鸣人走近石碑,能看到那上面密密麻麻的名字,每人的姓名只在上面占了短短的二十厘米,横竖排列,整整齐齐。
二十厘米,仿佛就给这个人的一生做了结语。
第四次忍界大战,五大国加上铁之国,丧生的一共六万八千零三十六人的姓名,全在这上面。
鸣人把上面的姓名一个个看过去:
砂也、齐木龙之介、岚香……
都是他没听说过的姓名,可是,他们也有属于自己独一无二的一生!却在十多天前戛然而止……他们也有拥有属于他们的朋友和亲人,此刻,又有多少人正在为他们哀悼悲伤呢?
鸣人轻轻弯下腰,献上他的一束花。
眼角有一道熟悉的身影同样弯下腰来,放下一束白色的莲花。
“鸣人,你好。”她向鸣人打招呼,面容是掩盖不住的悲切。
是天天。
对于这位比自己大上一届的学姐,鸣人其实并不熟悉,但他同队的队友,是……
“宁次!”
一声悲哭从后方传来,鸣人转过身去,不意外地看到了小李和凯。
小李推着轮椅上的凯,缓缓向这边行来,他们两人脸上的眼泪几乎化为实质化的两道宽带。
粗眉毛老师和浓眉小子还是一如既往……
鸣人和凯班几人交流几句,小樱和佐井很快也赶来了,佐助倒不知道跑到哪里去了。
又过了一会儿,葬礼正式开始。
说是葬礼,其实并没有真正的葬礼的那些繁琐流程。
集体葬礼上,由火影纲手、卡卡西等村中几个德高望重之辈讲完话后,僧侣会来举行仪式超度亡魂,再之后,就到了默哀与献花的时间。
具体的下葬则会在之后数天到十数天内陆续完成,因为这次死亡的人数实在太多,木叶还专门为此开辟了数个公共墓园。
鸣人能听到周边陆陆续续响起的抽泣声,但更多的,是默不作声哭泣和低着头沉重哀悼的人。
鸣人同样闭上眼睛,为这场战争中的亡者默哀。
“……”
……
带土再次来到了琳的墓前。
他前一天放在琳墓前的花簇,已经被人细心地整理好,放到几个花瓶里,花瓶里盛满了水,根茎浸泡在水里,看来这些花能持续绽放好一段时光。
“琳,我又来看你了。”
他在墓前放下一簇新的花,花一沾地,根茎就自动生长,深深扎到土里。
带土低垂眼,站在墓前,沉思着,好一会儿,他才继续开口道:
“鸣人的伙伴们对我敌意很重,他们恨我,这……是很正常的事。”带土的声音很镇静。
“好的是,我很快就能解开他们的仇恨,我……”
带土的声音突然顿住了,他转头,看着某处看似普通的树丛:
“卡卡西,我记得你没有偷看的爱好吧?”
树丛里传来窸窸窣窣的声音,几秒后,一个人影从阴影里钻了出来。
他一边拍掉白发上沾了的碎叶,一边走向带土。
“实际上,我近几年确实养成了些别的爱好。”他悠悠说,拍拍插在兜里露出半个封面的《亲热战术》。
卡卡西过于“坦诚”的回答反而让带土有些汗颜。在战场上还不觉得,但平常时候相处起来,就能发现这家伙和以前真是差别够大。
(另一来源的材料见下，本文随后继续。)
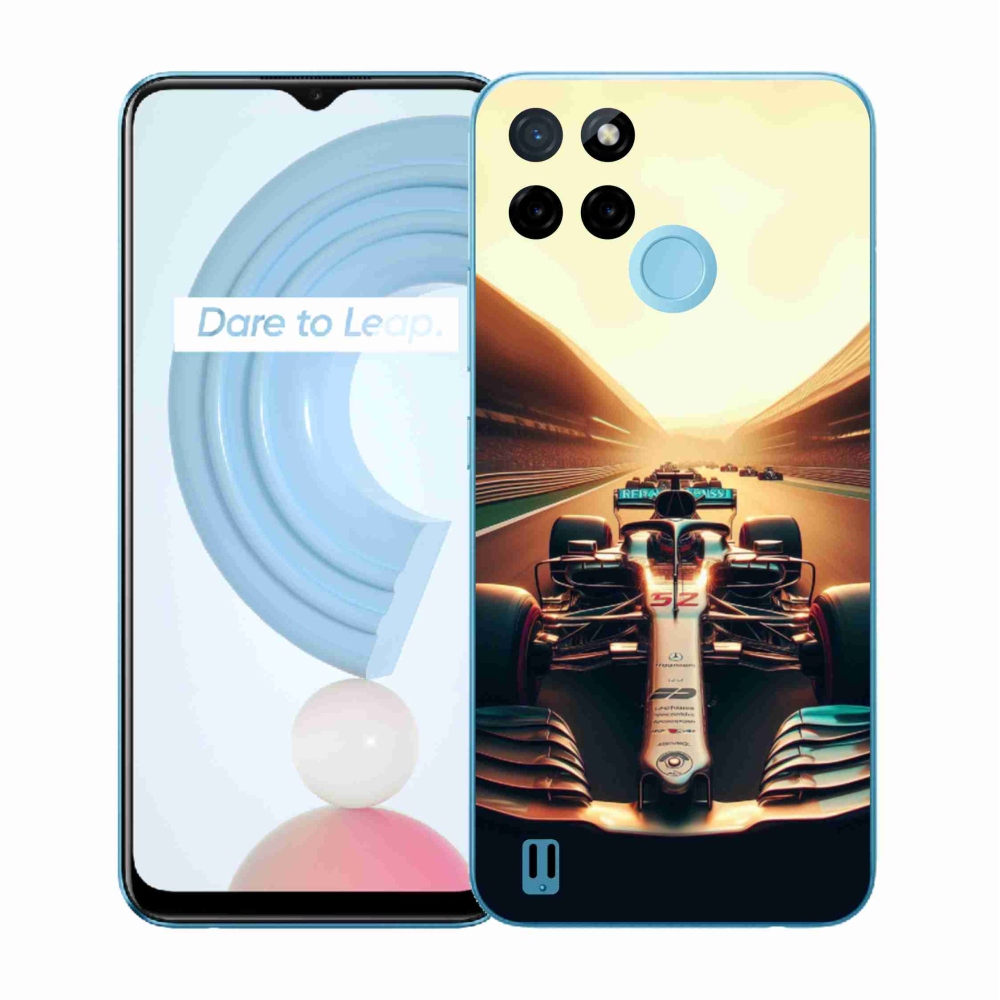 Gélový kryt mmCase na Realme C21Y/C25Y - formula 1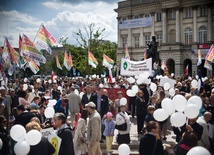 Najsympatyczniejsza demonstracja na świecie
“葬礼应该已经开始很久了,不去那边好吗?”他干脆换了个话题。
“没事,我的影分身在那边,我看你没有和鸣人在一起,就猜你在这里,过来看看。”
卡卡西看向地上的花簇,各种类型的花铺遍这一小方天地,几乎要把琳的墓碑都盖住。
“……鸣人在那边怎么样?”带土问。
之前因为他,鸣人和伙伴起了冲突,让他有些在意。
“放心吧,鸣人很好,不用那么担心他。不过……带土,既然那么关心他,怎么不去鸣人那边?纲手大人说过吧,你剩下的这几天里,必须和鸣人待在一起,受鸣人监视。”
“卡卡西,你别说笑了。”带土摇头,“这是为这场战中丧生的人们举行的葬礼,怎么也不该是发起了这场战争的罪人该待的地方。”
“况且……”
带土抬起手,透过阳光,看着自己戴着手套的手掌,视线好像要穿过那薄薄的布料看到什么。
“你我都清楚,说什么必须有鸣人监视我……只是一个谎言。”
“……”卡卡西脸上原本轻松的神情消失了,变得沉重忧郁。
阴郁的气氛在两人之间蔓延,卡卡西和带土之间沉默了好一会儿,卡卡西才低着嗓子,率先打破了寂静。
“带土,你……真的要这么做吗?”他面有不忍。
“对,我已经决定了。”带土肯定道,说这句话时,他的神情近乎于冷酷。
“你有告诉鸣人吗?”卡卡西又问道,刚出口,却又否定,“你一定没有跟他说,如果说了,鸣人绝对不会这样安静的。他知道了,恐怕会死守在你身边,一刻都不离开,严守死防你做出什么。”
“……”带土握住空无一物的手掌,轻轻放下手。
“鸣人他没有察觉到吗?”卡卡西看着地面上的花束,他的性格看似大意粗糙,实际上细腻得很,他比大多数人都要灵敏。”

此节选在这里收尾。